Manitoba Budget 2024 Must Invest in Social Housing

Housing is a basic human need, essential to survival, health and well-being. Housing provides a foundation to address poverty, crime, addiction, poor health, unemployment, gender-based violence, and the apprehension of children by Child and Family Services. Additionally, we cannot end homelessness without ensuring access to housing.

The Problem

Thousands of people are unable to find stable housing in Manitoba. The private rental market is unaffordable to people experiencing poverty and homelessness. For example, households in the lowest quartile of incomes spend an average of 68% of their incomes on housing. This has escalated the demand for non-market, social housing where rents are capped at 30% of a household’s income. Nearly 6,000 households are on the waitlist for social housing. With nowhere else to go, many people stay with friends, family, in shelters, or outside. According to the 2022 point in time count, more than 1,200 people experience homelessness on any given night in Winnipeg alone. Another 4,000 more are conservatively estimated to be experiencing hidden homelessness.

The Solution

All levels of government must finally do what is necessary to address the housing crisis. This means recognizing that the 30-year-old experiment of relying almost exclusively on the private market to produce low-rent housing has failed. Other sectors are joining the growing consensus that the housing crisis won’t be solved without government reinvestment in social housing. 
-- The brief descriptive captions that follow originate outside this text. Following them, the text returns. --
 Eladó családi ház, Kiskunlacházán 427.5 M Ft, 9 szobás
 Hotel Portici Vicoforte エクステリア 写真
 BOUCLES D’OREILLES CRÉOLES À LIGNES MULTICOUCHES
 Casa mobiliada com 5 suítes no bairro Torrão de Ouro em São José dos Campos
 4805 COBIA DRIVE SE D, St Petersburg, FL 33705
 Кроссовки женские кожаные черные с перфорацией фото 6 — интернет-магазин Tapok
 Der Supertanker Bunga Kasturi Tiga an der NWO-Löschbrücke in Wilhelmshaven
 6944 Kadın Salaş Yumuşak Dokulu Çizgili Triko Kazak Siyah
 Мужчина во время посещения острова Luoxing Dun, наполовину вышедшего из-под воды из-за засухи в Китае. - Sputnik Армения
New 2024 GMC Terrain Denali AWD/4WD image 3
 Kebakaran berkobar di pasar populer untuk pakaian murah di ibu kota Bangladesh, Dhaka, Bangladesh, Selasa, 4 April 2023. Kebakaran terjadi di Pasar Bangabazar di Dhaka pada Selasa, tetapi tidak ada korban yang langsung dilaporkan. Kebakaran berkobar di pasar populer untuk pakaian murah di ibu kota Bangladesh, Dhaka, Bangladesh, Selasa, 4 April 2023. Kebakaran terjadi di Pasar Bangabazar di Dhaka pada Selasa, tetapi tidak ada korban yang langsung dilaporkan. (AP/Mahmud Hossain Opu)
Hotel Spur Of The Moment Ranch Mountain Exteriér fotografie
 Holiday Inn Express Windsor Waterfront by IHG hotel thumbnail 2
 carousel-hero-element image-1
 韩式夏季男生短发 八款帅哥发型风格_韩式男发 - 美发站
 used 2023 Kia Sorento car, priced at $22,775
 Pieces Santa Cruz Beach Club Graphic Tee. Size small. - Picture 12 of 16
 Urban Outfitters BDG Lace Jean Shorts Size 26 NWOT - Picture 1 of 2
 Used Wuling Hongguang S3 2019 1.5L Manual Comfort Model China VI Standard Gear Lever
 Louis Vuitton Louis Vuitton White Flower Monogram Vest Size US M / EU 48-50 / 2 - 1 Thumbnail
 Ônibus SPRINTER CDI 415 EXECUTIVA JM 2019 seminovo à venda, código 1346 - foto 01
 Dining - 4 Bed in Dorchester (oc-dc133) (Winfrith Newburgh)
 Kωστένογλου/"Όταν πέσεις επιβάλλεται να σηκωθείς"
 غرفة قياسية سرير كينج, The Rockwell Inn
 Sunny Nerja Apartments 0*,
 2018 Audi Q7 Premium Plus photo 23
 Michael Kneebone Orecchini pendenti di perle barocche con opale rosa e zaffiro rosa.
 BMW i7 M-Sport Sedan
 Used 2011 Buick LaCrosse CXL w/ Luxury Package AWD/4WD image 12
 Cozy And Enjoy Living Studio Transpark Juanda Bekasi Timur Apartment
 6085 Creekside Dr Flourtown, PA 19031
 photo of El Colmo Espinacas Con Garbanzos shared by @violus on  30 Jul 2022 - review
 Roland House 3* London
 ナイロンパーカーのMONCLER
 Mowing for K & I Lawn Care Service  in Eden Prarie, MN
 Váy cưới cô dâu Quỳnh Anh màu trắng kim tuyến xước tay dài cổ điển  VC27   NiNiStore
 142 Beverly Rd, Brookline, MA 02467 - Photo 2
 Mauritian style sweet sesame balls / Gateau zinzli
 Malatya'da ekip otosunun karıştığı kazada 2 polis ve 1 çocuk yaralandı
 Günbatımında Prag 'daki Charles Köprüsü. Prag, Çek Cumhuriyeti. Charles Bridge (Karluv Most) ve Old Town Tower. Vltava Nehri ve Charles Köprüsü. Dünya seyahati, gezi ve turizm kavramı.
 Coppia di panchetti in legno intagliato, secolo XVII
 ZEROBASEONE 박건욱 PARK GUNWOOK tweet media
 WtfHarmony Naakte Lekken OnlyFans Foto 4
The Right to Housing Coalition released a social housing action plan for Manitoba based on decades of research and consultation. The plan focuses on expanding and preserving the supply of social housing with supports, strengthening rent regulations and tenant protections, and creating training and jobs for low-income people in the construction and maintenance of social housing. The plan’s 5 pillars have been endorsed by more than 90 organizations. The Manitoba government must implement this plan to address housing insecurity and homelessness starting with the following investments in Budget 2024:

  • A capital and acquisition fund to add 1,000 rent-geared-to-income social housing units in 2024/25 owned by public, non-profit, and co-op housing providers.
  • A capital maintenance fund and an operating subsidy fund to protect existing social housing and ensure no units are lost due to disrepair or lack of subsidies.
  • Funding to ensure all social housing tenants have access to support workers with a minimum ratio of 1 worker per 100 units.